How many lines of the material below contain the string "Face"? Answer with the number and nothing else.

------------------------------------------------------------

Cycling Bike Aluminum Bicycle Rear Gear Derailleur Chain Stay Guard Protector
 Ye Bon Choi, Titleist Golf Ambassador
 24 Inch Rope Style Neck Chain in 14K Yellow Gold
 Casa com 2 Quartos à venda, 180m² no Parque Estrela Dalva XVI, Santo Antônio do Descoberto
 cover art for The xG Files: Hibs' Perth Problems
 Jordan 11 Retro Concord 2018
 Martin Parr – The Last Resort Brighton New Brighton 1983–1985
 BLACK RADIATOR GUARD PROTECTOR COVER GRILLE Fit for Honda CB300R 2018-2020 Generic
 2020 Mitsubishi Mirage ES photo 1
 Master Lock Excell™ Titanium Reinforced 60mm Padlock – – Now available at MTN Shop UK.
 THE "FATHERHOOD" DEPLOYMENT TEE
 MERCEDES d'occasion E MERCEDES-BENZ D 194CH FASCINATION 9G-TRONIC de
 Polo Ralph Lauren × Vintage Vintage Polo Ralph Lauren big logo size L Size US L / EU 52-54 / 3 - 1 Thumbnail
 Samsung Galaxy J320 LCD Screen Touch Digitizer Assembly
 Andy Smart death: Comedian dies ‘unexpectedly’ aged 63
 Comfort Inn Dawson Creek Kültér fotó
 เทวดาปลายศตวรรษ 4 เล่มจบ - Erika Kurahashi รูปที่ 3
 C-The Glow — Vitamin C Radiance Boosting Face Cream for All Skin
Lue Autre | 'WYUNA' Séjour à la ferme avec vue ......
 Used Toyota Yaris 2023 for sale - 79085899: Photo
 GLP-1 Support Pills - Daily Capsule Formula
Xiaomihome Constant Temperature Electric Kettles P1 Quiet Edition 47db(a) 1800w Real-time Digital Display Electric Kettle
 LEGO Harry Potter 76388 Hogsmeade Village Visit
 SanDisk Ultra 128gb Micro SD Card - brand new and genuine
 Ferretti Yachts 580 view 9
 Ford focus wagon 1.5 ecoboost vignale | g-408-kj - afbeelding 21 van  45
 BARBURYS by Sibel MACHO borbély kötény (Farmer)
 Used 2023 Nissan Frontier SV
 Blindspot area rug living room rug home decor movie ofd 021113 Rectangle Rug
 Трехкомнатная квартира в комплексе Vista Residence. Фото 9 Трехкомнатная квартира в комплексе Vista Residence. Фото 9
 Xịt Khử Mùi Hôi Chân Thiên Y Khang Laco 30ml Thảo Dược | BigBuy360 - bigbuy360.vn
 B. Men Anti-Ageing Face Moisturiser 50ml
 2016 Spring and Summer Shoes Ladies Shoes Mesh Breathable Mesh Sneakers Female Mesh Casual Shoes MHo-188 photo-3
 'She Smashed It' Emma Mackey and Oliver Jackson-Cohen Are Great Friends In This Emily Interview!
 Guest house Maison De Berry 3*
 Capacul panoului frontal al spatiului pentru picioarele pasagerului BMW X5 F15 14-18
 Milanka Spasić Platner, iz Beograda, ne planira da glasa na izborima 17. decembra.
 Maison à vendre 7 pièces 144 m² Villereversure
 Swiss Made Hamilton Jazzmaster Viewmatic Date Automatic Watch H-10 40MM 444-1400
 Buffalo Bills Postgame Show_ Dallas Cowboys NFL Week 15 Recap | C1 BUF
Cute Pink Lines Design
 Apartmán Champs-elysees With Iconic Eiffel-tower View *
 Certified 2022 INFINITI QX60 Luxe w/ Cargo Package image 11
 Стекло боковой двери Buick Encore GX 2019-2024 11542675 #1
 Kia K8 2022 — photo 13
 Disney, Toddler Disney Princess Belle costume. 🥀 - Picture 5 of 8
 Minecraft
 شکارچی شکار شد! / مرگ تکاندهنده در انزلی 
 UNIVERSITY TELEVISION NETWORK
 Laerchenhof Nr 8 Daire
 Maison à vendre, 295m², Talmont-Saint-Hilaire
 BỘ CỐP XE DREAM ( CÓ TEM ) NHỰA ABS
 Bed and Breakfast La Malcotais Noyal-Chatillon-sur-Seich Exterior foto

------------------------------------------------------------

Written response:
2